Disintegration of positive isometric group representations on Lp-spaces

Abstract

Let G be a Polish locally compact group acting on a Polish space X with a G-invariant probability measure μ. We factorize the integral with respect to μ in terms of the integrals with respect to the ergodic measures on X, and show that Lp(X,μ) (1≤ p<∞) is G-equivariantly isometrically lattice isomorphic to an Lp-direct integral of the spaces Lp(X,λ), where λ ranges over the ergodic measures on X. This yields a disintegration of the canonical representation of G as isometric lattice automorphisms of Lp(X,μ) as an Lp-direct integral of order indecomposable representations.

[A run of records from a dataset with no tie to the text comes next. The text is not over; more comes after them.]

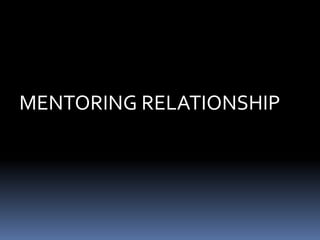 MENTORING RELATIONSHIP

 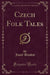 Czech Folk Tales (Classic Reprint)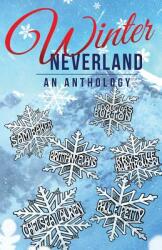 Winter Neverland: An Anthology (ISBN: 9780999203620)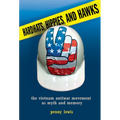 Hardhats, Hippies, and Hawks - Paperback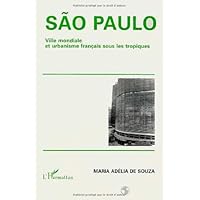 Sao Paulo: Ville mondiale et urbanisme français sous les tropiques Sao Paulo: Ville mondiale et urbanisme français sous les tropiques Paperback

If (X,μ) is a probability space, and, for some 1≤ q<∞, G acts in a strongly continuous manner on Lq(X,μ) as isometric lattice automorphisms that leave the constants fixed, then G acts on Lp(X,μ) in a similar fashion for all 1≤ p<∞. Moreover, there exists an alternative model in which these representations originate from a continuous action of G on a compact Hausdorff space. If (X,μ) is separable, the representation of G on Lp(X,μ) can then be disintegrated into order indecomposable representations. The notions of Lp-direct integrals of Banach spaces and representations that are developed extend those in the literature.